The index shows wealthy markets with premium infrastructure, high-end smartphone bases, and deployed 5G networks that nonetheless appear in the lower half of the ranking because their regulatory framework blocks or severely limits digital activation. That’s not an anomaly in the analysis. It’s the finding.

What this means for operators

For those of us managing carrier relationships globally, there are three readings worth paying attention to.

The first is that eSIM transforms user retention dynamics by lowering the traditional barriers to switching networks. When activating a new line no longer requires a physical SIM card, operators face the challenge of managing a more fluid consumer base. While navigating this digital churn requires strategic adaptation, the index shows that markets where operators adopted eSIM proactively ended up capturing entire high-value customer segments, such as young users, frequent travelers, and premium subscribers, who naturally gravitate toward digital-first ecosystems.

The second reading is that the travel eSIM sector has evolved into a complementary ecosystem that addresses specific international connectivity needs. This isn’t a marginal phenomenon. In most of the markets we analyzed, there are between three and seven international providers operating. Rather than competing directly with domestic core services, these digital platforms thrive by bridging the operational and regulatory gaps that local operators face when catering to temporary inbound travelers, opening new avenues for wholesale partnership.

The third reading is the industry-wide alignment driven by device manufacturers… OEMs have clearly signaled that the future is eSIM-first.

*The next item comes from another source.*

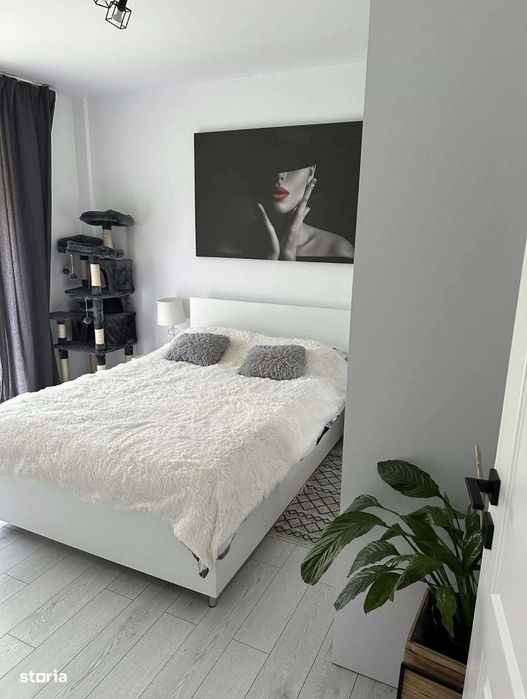 Apartament cu 3 camere , terasa 20 mp,parcare subterana,strada Eroilor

Apple already removes the SIM tray in some markets; Samsung and Google are moving in the same direction; Chinese manufacturers are building eSIM in by default across their global lines. The pace of global adoption is now tied to the natural turnover of the smartphone installed base, meaning that the transition to a digital-first connectivity model is a shared reality the entire industry is progressing toward.

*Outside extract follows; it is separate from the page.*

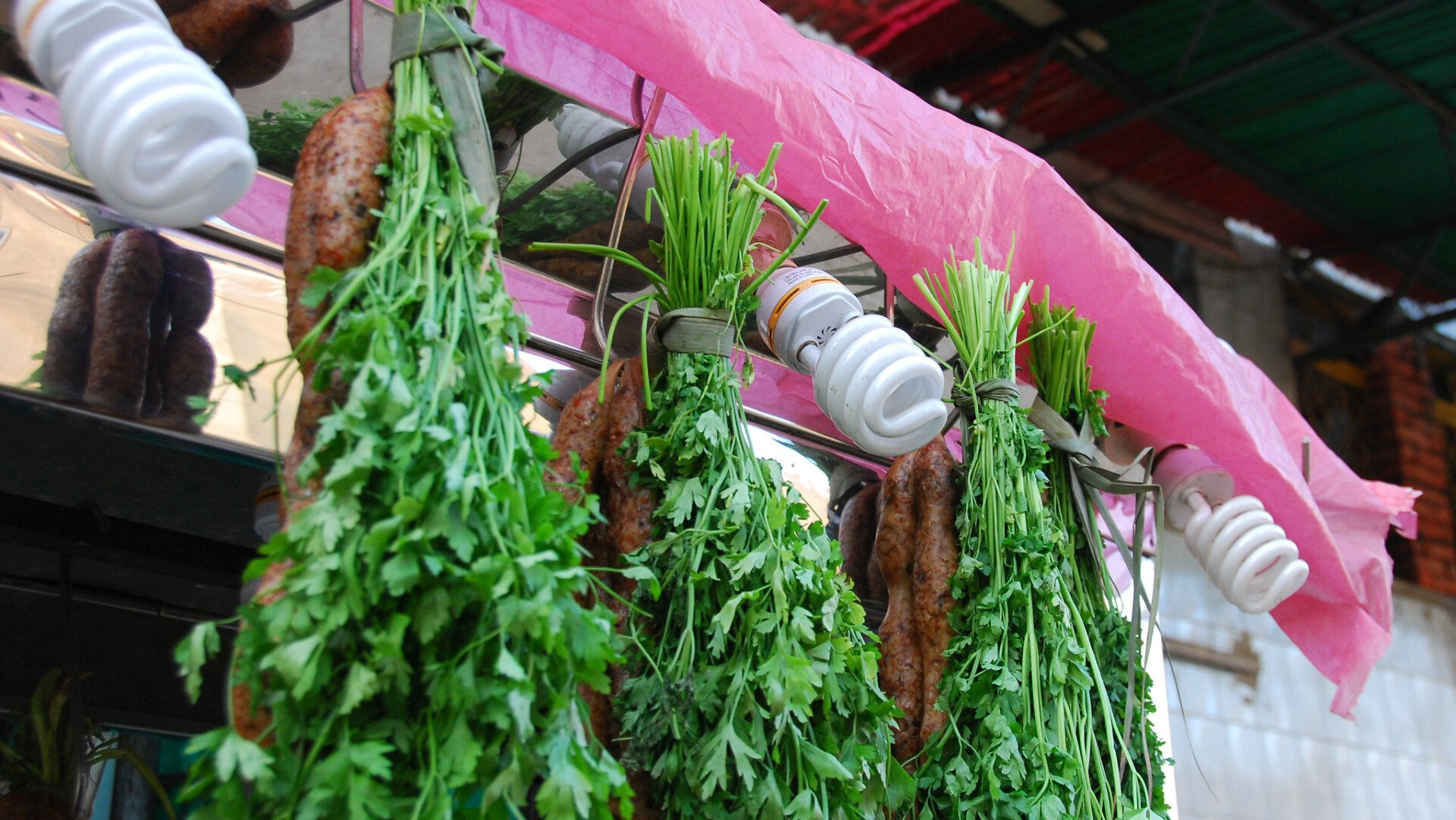 saucisse suspendue dans les rues du caire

What the index is, and what it isn’t

One important clarification. The Global eSIM Index 2026 is not a ranking of the 50 best countries in eSIM. It’s an editorial radiograph of the state of the ecosystem, built on a representative sample of markets across the six regions of the world and across every level of digital and regulatory development. That’s why leading markets and structurally restrictive ones coexist in the document, the goal isn’t to reward, it’s to describe.

A country’s position in the index says far less about that country itself, and far more about the regulatory system under which it operates. A market can have everything in its favor, a wealthy economy, premium devices, deployed 5G infrastructure and still appear poorly positioned simply because its activation framework is restrictive. That’s precisely the conversation the index is designed to open.

Why Holafly is doing this

Holafly is today the largest global travel eSIM provider, with coverage in over 200 destinations. That position gives us real-world visibility into how the eSIM ecosystem behaves around the world. But I believe it also gives us a responsibility: the sector needs shared analytical frameworks, comparable data, and tools that allow operators, regulators, and providers to understand where the industry is heading.

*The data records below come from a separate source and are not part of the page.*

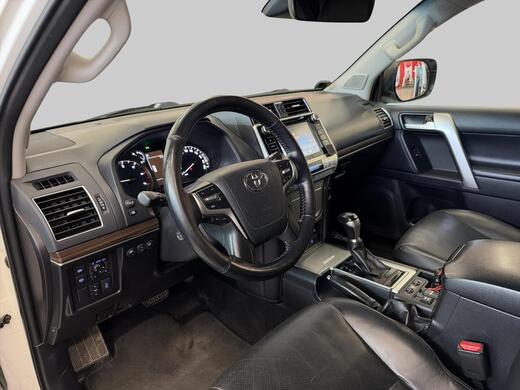 Toyota Land Cruiser vaihtoauto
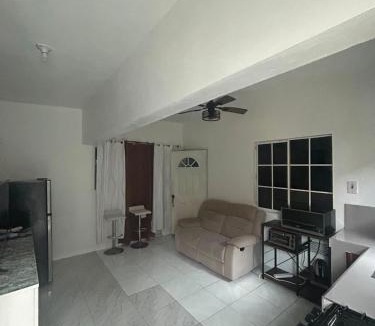 Portmore House | Ricardo's Rest Spot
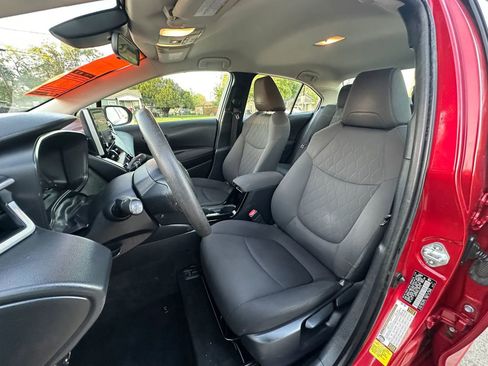 Used 2020 Toyota Corolla LE image 12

The index is our contribution. It isn’t a perfect document and doesn’t pretend to be. It’s a first map, built with TeleSemana’s editorial rigor and with the field-level information that only comes from analyzing carrier by carrier over months. We’re publishing it openly to the sector, hoping it will be discussed, challenged, and used.

If the debate it opens produces better regulatory decisions, clearer commercial frameworks for operators, or better tools for end users, it will have done its job. For Holafly, that is the real return on having invested in this work.